The query starts simply: SELECT sku, product_name FROM products WHERE sku LIKE 'WH-%'. Read that pattern left to right: the SKU must begin with the literal characters WH-, followed by anything at all, including nothing. A SKU of exactly WH- would still match, since % is allowed to represent zero characters — that edge case surprises people who assume % always stands for “something.”

Flip the pattern around — LIKE '%WH-' — and now the match logic reverses: the SKU must end with WH-, with any number of characters allowed before it. Put % on both sides, LIKE '%WH-%', and the pattern matches WH- occurring anywhere in the string at all, whether at the start, the end, or buried in the middle.

This is the first lesson worth internalizing: the position of % in the pattern determines where the match is allowed to happen, not just whether a match happens. Ordering matters as much as the character itself.

Running LIKE 'WH-%' against the products table pulls back 340 rows. That’s more than expected, so the next question is where those extra rows are coming from.

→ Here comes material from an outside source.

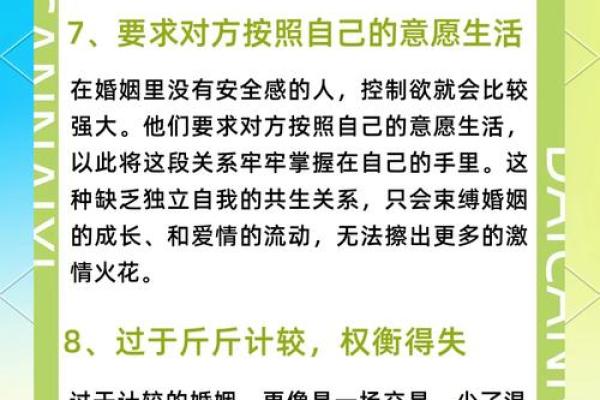 爱情风水忌讳避免哪些摆放影响夫妻感情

The Underscore: Matching Exactly One Character

A closer look at the results turns up a problem. Alongside the expected six-character warehouse SKUs like WH-1042, there’s a batch of entries like WH-104, WH-A9, and even one stray WH- with nothing after it. The % wildcard doesn’t care about length, so all of them qualify.

The support team actually wants only the standard-format warehouse SKUs: WH-, followed by exactly four digits, nothing more. That’s a job for _, which matches exactly one character and nothing else.

The corrected pattern: LIKE 'WH-____' — four underscores after the hyphen, one for each expected digit. Now WH-1042 matches, but WH-104 doesn’t (only three characters after the hyphen) and WH-10425 doesn’t either (five characters, one too many). Each underscore is a placeholder for precisely one character position, and LIKE enforces that count strictly.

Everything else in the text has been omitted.